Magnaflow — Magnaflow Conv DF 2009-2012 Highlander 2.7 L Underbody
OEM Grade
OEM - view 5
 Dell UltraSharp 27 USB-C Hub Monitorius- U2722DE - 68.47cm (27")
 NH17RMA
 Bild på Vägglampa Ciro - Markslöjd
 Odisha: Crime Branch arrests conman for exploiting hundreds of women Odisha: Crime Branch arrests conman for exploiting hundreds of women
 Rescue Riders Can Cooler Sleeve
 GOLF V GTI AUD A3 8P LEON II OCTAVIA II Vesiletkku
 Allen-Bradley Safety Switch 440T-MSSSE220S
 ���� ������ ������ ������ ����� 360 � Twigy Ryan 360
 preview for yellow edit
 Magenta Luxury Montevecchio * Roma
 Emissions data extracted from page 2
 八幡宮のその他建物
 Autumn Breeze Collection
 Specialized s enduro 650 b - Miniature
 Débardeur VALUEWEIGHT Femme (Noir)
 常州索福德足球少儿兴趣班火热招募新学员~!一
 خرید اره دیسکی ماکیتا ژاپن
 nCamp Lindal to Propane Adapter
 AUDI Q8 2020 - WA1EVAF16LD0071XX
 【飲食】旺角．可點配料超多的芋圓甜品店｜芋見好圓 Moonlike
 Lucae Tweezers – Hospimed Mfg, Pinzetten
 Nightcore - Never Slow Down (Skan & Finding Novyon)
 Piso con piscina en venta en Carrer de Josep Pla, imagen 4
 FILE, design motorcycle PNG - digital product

-=-=-=-=-

Problem statement = Start at the first line of the entries and stop at the line that contains "Rescue Riders Can Cooler Sleeve". Repeat every line in that span exactly, and nothing beyond it.

Exercise response =
Magnaflow — Magnaflow Conv DF 2009-2012 Highlander 2.7 L Underbody
OEM Grade
OEM - view 5
 Dell UltraSharp 27 USB-C Hub Monitorius- U2722DE - 68.47cm (27")
 NH17RMA
 Bild på Vägglampa Ciro - Markslöjd
 Odisha: Crime Branch arrests conman for exploiting hundreds of women Odisha: Crime Branch arrests conman for exploiting hundreds of women
 Rescue Riders Can Cooler Sleeve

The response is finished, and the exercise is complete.